Minnesota to Retire Most Competitive Congressional Map Since DFL Merger
Forty percent of Minnesota U.S. House races since 2012 were decided by single digits
While Minnesota and neighboring Wisconsin each have eight congressional districts, the disparity in drama across the U.S. House elections each state has hosted for the last decade has been pronounced.
In Wisconsin, no seats flipped from the 41 elections held under the current congressional map first implemented for the 2012 cycle.
In Minnesota, six seats flipped during this span (the 8th CD in 2012 and 2018, the 1st, 2nd, and 3rd CDs in 2018, and the 7th CD in 2020).
As documented earlier in the week by Smart Politics, Wisconsin is about to retire a congressional district map that produced the lowest rate of competitive races in state history – with just one out of 41 U.S. House elections decided by single digits since 2012.
Meanwhile, in Minnesota, the victory margin was less than 10 points in 16 of the 40 elections held over the last five cycles (40 percent) – including nine by less than five points and three by less than one point.
As a result, while Wisconsin’s U.S. House races were decided by an average of 30.7 points over the last decade, the average victory margin in Minnesota was just 18.2 points.
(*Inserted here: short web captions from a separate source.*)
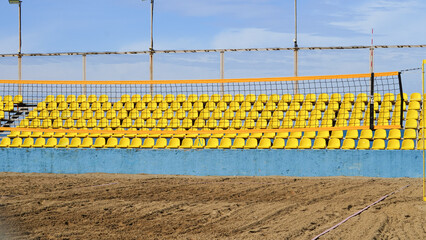 Fototapeta premium Yellow seating area with volleyball net at sandy beach sports venue
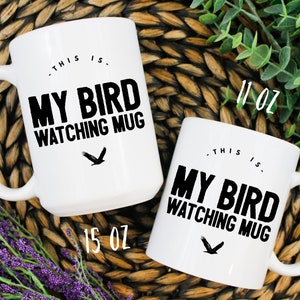 May include: Two white ceramic mugs with black text and a black bird graphic. The text on the mugs reads "This is. My Bird Watching Mug". The larger mug is 15 oz and the smaller mug is 11 oz.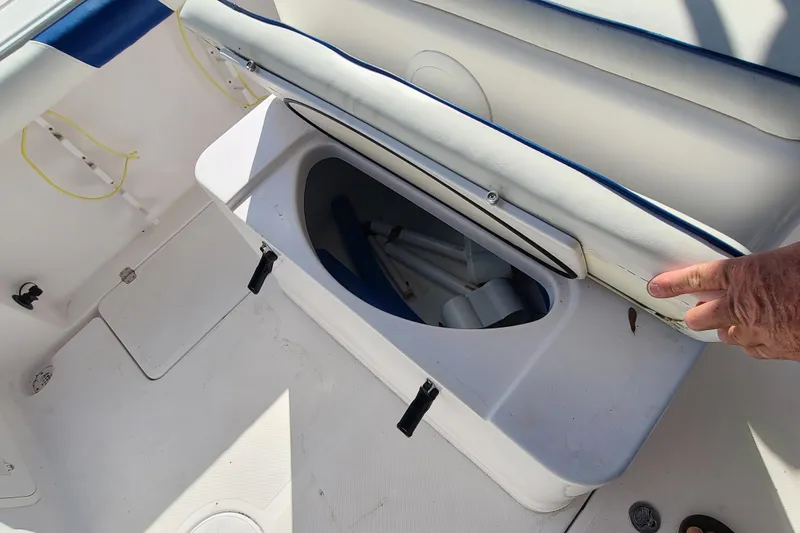 Slide: The Image of Open storage compartment on 2005 Pro-Line 24 Sport boat with white seating. - 23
Looking back across the last few generations, U.S. House elections over the last four maps since 1982 have been decidedly closer in Minnesota (24.6 points on average) than in Wisconsin (36.1 points).
With 40 percent of all races decided by single digits since 2012, the current congressional map in Minnesota produced a higher rate of competitive races than any map drawn since the merger of the Democrats and Farmer-Laborites in 1944.
The only other map that produced a larger percentage of competitive races since the turn of the 20th Century was the 1933-1941 map – 15 of 36 elections (41.7 percent) – as the GOP, Farmer-Laborites, and Democrats battled it out winning 23, 10, and three seats respectively. [Maps were not drawn in time for the 1932 cycle at which point all nine seats were elected at-large].
The heightened competition coming from the current Minnesota congressional map comes on the heels of the 2002-2011 map during which only seven of 40 races were decided by single digits (17.5 percent) – the second lowest rate in state history.
The 1972-1981 map produced the fewest competitive races – just five of 41 (12.2 percent).
Excluding at-large races (pre-1862, one contest in 1912, and the 1932 cycle), 159 of Minnesota’s 600 U.S. House elections have had single-digit victory margins (26.5 percent) with a peak of 56 percent (14 of 25) from the 1882-1891 map.
Partisan control of the state’s five congressional districts flipped an astounding 10 times across the 25 elections held during the 1882 through 1890 cycles.